Maximized objective function of an optimization problem

The value function of an optimization problem gives the value attained by the objective function at a solution, while only depending on the parameters of the problem. In a controlled dynamical system, the value function represents the optimal payoff of the system over the interval $[t,t_1]$ when started at the time-$t$ state variable $x(t)=x$. If the objective function represents some cost that is to be minimized, the value function can be interpreted as the cost to finish the optimal program, and is thus referred to as "cost-to-go function." In an economic context, where the objective function usually represents utility, the value function is conceptually equivalent to the indirect utility function.

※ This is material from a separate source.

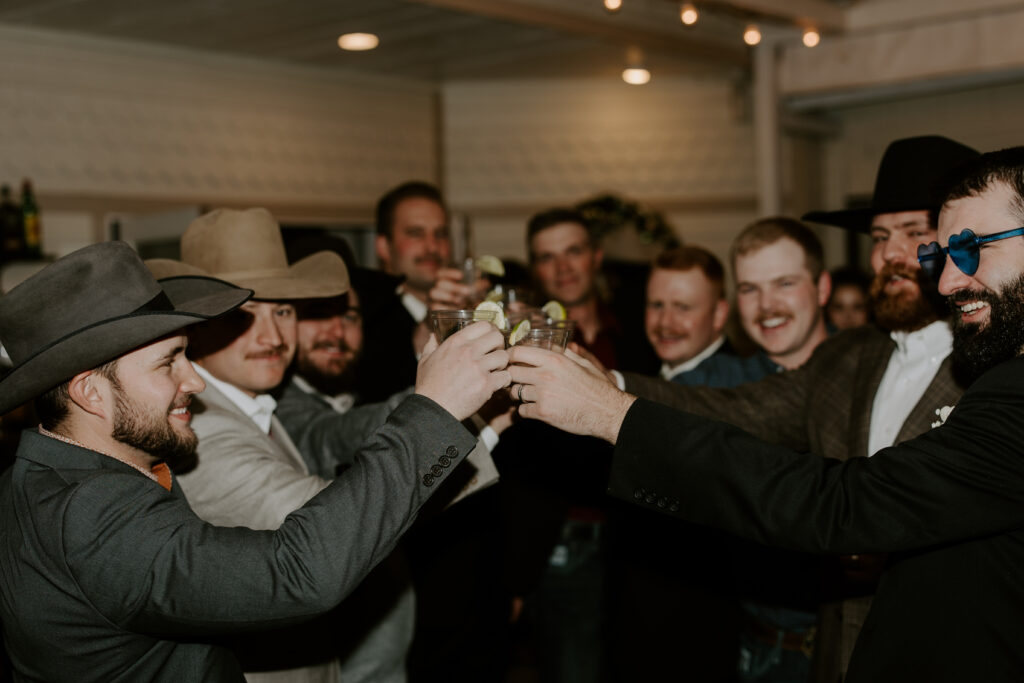 groomsmen toasting drinks during reception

In a problem of optimal control, the value function is defined as the supremum of the objective function taken over the set of admissible controls. Given $(t_{0}, x_{0}) \in [0, t_{1}] \times \mathbb{R}^{d}$, a typical optimal control problem is to
$\text{maximize} \quad J(t_{0}, x_{0}; u) = \int_{t_{0}}^{t_{1}} I(t,x(t), u(t)) \, \mathrm{d}t + \phi(x(t_{1}))$
subject to
$\frac{\mathrm{d}x(t)}{\mathrm{d}t} = f(t, x(t), u(t))$
with initial state variable $x(t_{0})=x_{0}$. The objective function $J(t_{0}, x_{0}; u)$ is to be maximized over all admissible controls $u \in U[t_{0},t_{1}]$, where $u$ is a Lebesgue measurable function from $[t_{0}, t_{1}]$ to some prescribed arbitrary set in $\mathbb{R}^{m}$. The value function is then defined as
$V(t, x(t)) = \max_{u \in U} \int_{t}^{t_{1}} I(\tau,x(\tau), u(\tau)) \, \mathrm{d}\tau + \phi(x(t_{1}))$
with $V(t_{1}, x(t_{1})) = \phi(x(t_{1}))$, where $\phi(x(t_{1}))$ is the "scrap value". If the optimal pair of control and state trajectories is $(x^\ast, u^\ast)$, then $V(t_{0}, x_{0}) = J(t_{0}, x_{0}; u^\ast)$. The function $h$ that gives the optimal control $u^\ast$ based on the current state $x$ is called a feedback control policy, or simply a policy function.

Bellman's principle of optimality roughly states that any optimal policy at time $t$, $t_{0} \leq t \leq t_{1}$ taking the current state $x(t)$ as "new" initial condition must be optimal for the remaining problem. If the value function happens to be continuously differentiable, this gives rise to an important partial differential equation known as Hamilton–Jacobi–Bellman equation,
$-\frac{\partial V(t,x)}{\partial t} = \max_u \left\{ I(t,x,u) + \frac{\partial V(t,x)}{\partial x} f(t, x, u) \right\}$
where the maximand on the right-hand side can also be re-written as the Hamiltonian, $H \left(t, x, u, \lambda \right) = I(t,x,u) + \lambda(t) f(t, x, u)$, as
$-\frac{\partial V(t,x)}{\partial t} = \max_u H(t,x,u,\lambda)$
with $\partial V(t,x)/\partial x = \lambda(t)$ playing the role of the costate variables. Given this definition, we further have $\mathrm{d} \lambda(t) / \mathrm{d}t = \partial^{2} V(t,x) / \partial x \partial t + \partial^{2} V(t,x) / \partial x^{2} \cdot f(x)$, and after differentiating both sides of the HJB equation with respect to $x$,
$- \frac{\partial^{2} V(t,x)}{\partial t \partial x} = \frac{\partial I}{\partial x} + \frac{\partial^{2} V(t,x)}{\partial x^{2}} f(x) + \frac{\partial V(t,x)}{\partial x} \frac{\partial f(x)}{\partial x}$
which after replacing the appropriate terms recovers the costate equation
$- \dot{\lambda}(t) = \underbrace{\frac{\partial I}{\partial x} + \lambda(t) \frac{\partial f(x)}{\partial x} }_{= \frac{\partial H}{\partial x}}$
where $\dot{\lambda}(t)$ is Newton notation for the derivative with respect to time.

The value function is the unique viscosity solution to the Hamilton–Jacobi–Bellman equation. In an online closed-loop approximate optimal control, the value function is also a Lyapunov function that establishes global asymptotic stability of the closed-loop system.